Problem to work on
Copy the data exactly. Images are the one exception.

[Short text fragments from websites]
——————
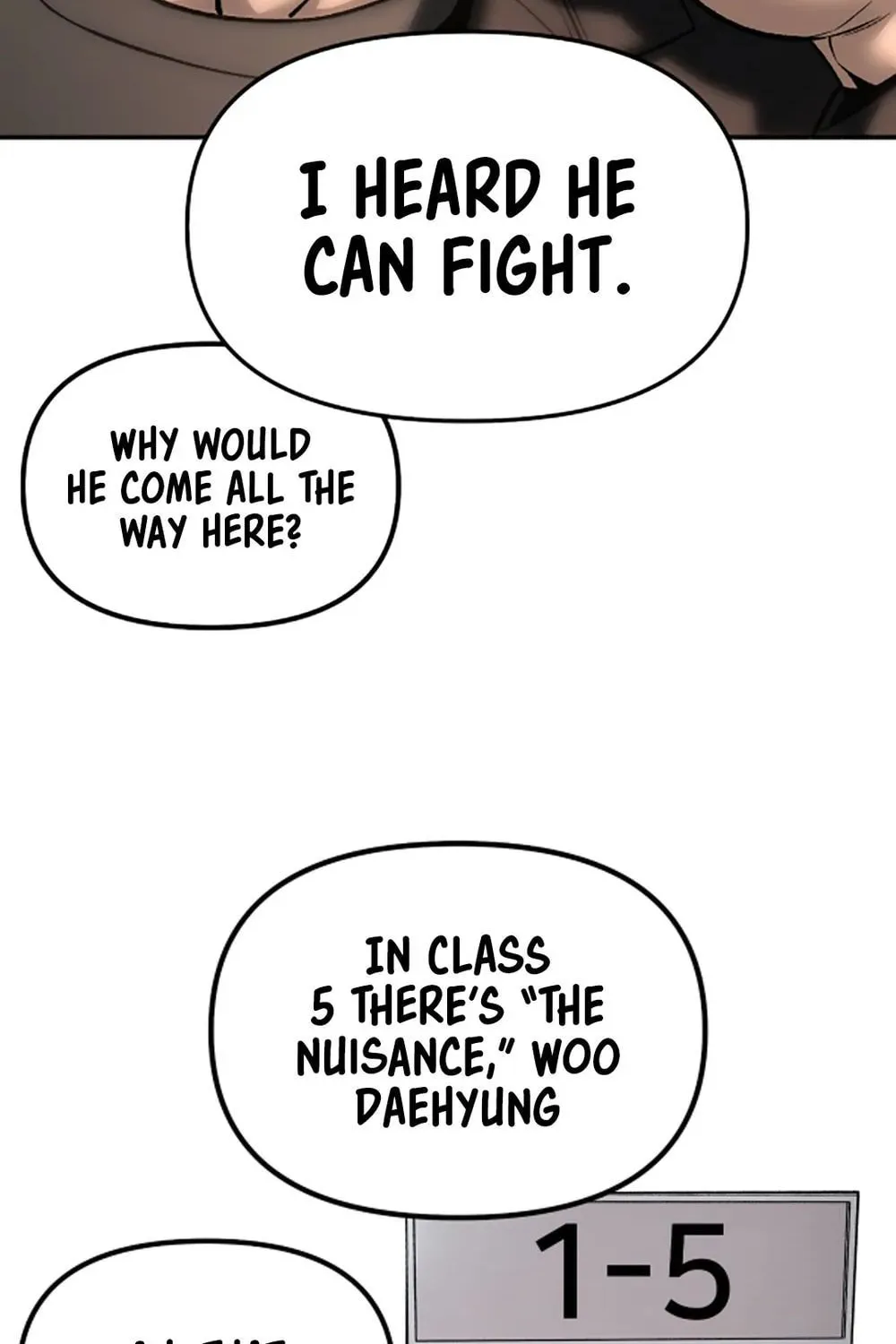 Read Designated Bully EN Manga Online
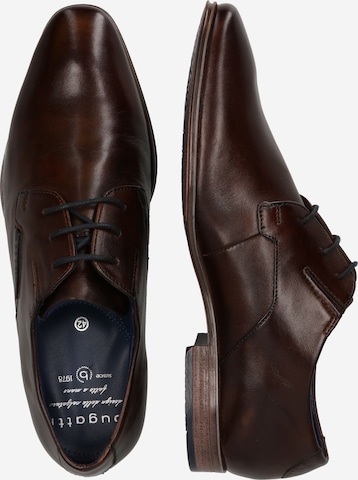 bugatti - Zapatos con cordón 'Morino' en marrón
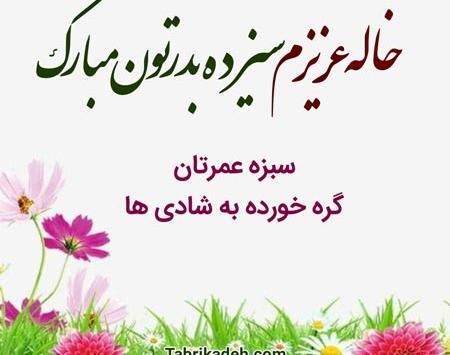 عکس تبریک تولد نوه
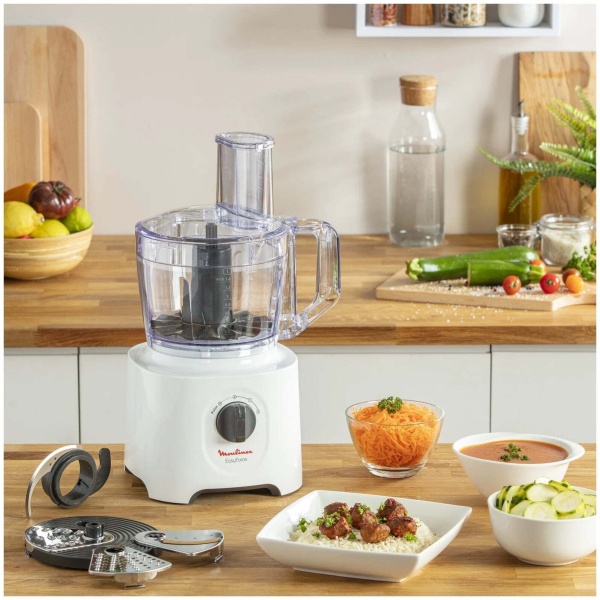 Кухонный комбайн MOULINEX FP244110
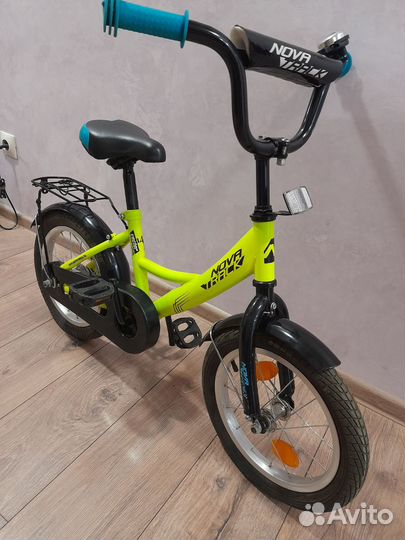 Велосипед детский 14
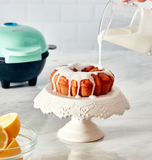 Dash Mini Bundt Maker WHITE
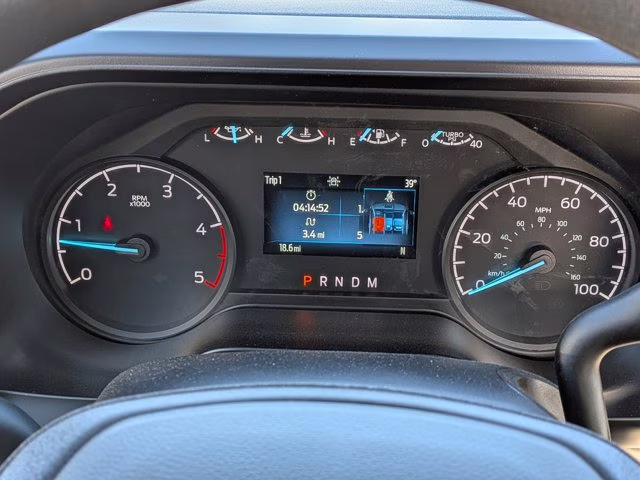 2024 Oxford White Ford Super Duty F-450 DRW XL 4X4 Truck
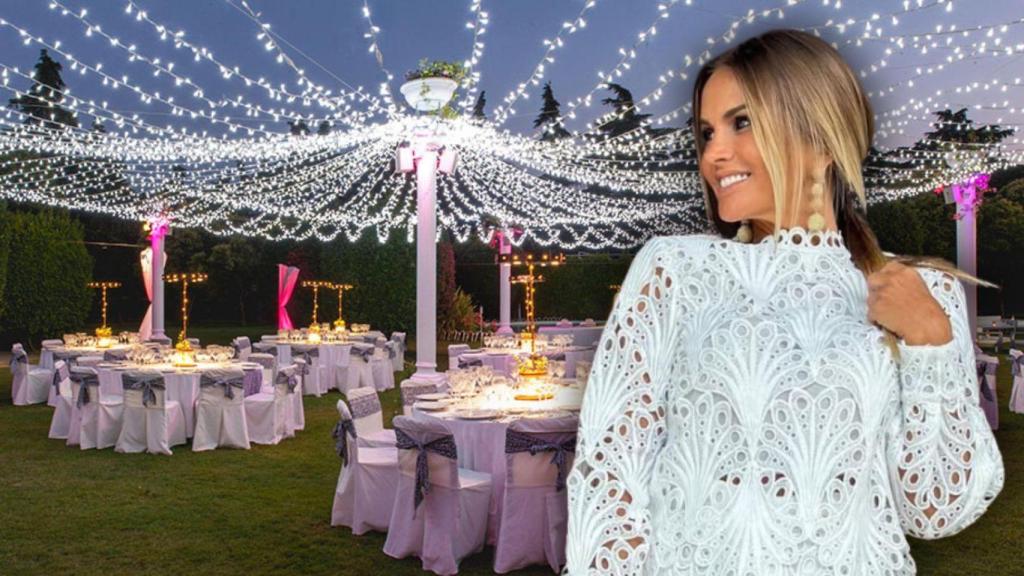 Marta López dará el 'sí, quiero' a Alejandro Huerta el próximo 28 de junio.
——————
Answer space
 Read Designated Bully EN Manga Online
 bugatti - Zapatos con cordón 'Morino' en marrón
 عکس تبریک تولد نوه
 Кухонный комбайн MOULINEX FP244110
 Велосипед детский 14
 Dash Mini Bundt Maker WHITE
 2024 Oxford White Ford Super Duty F-450 DRW XL 4X4 Truck
 Marta López dará el 'sí, quiero' a Alejandro Huerta el próximo 28 de junio.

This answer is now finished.